Ryan:- Which disadvantaged persons can benefit most by regular physical recreational activities and how are they helped?
Jackson - Persons who are afflicted by some paralyzing disorder are probably the ones who can benefit most from physical exercise and recreation . . . Through exercise, they can regain maximum use of what physical capacity remains and these make their day-to-day activities much easier . . . the athletes enjoy better health generally. As you may know, in 1976 we held the Olympiad for the Physically Disabled in Toronto - an international event. When we cleaned up the residences after the games, six pairs of crutches and three wheelchairs were left behind. This may be a better record than Lourdes.
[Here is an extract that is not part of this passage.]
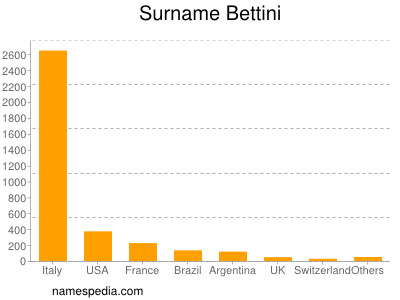 Surname Bettini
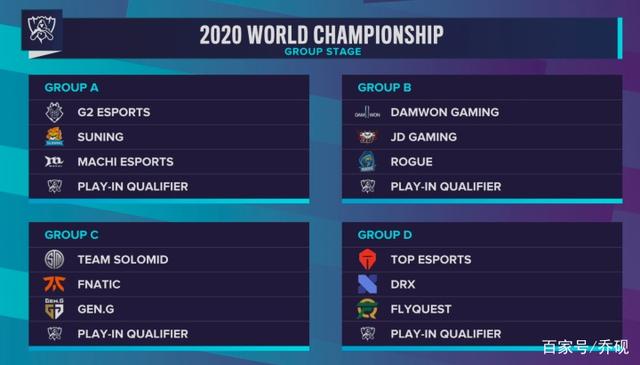 如果JDG赢了今天LPL季后赛，RNG则直接跌入冒泡赛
Ryan - What are some of the psychological benefits that accrue to the handicapped athlete, Dr. Messner?
Messner - . . . There is a common saying among amputees that it's not what you have lost, it's what you have left that counts. This is true physically and it is certainly true mentally.
Fred Tossone, one of several Vietnam veterans among our instructors, is not only an amputee but he's had multiple injuries and cosmetic problems. Yet he's done an excellent job of personal rehabilitation, and I would like to quote him about psychological advantages of physical activity:
Considering the abvious list of difficulties in learning to ski (with one leg), it is terrific boost to one's self-confidence and self-respect, not only regarding the sport itself but also in everyday life.
Ryan - When I attended the Olympiad for the Physically Disabled in 1976, I was impressed with the athletes' spirit of involvement and participation. There was gaiety and no feeling of discouragement or depression that I could sense.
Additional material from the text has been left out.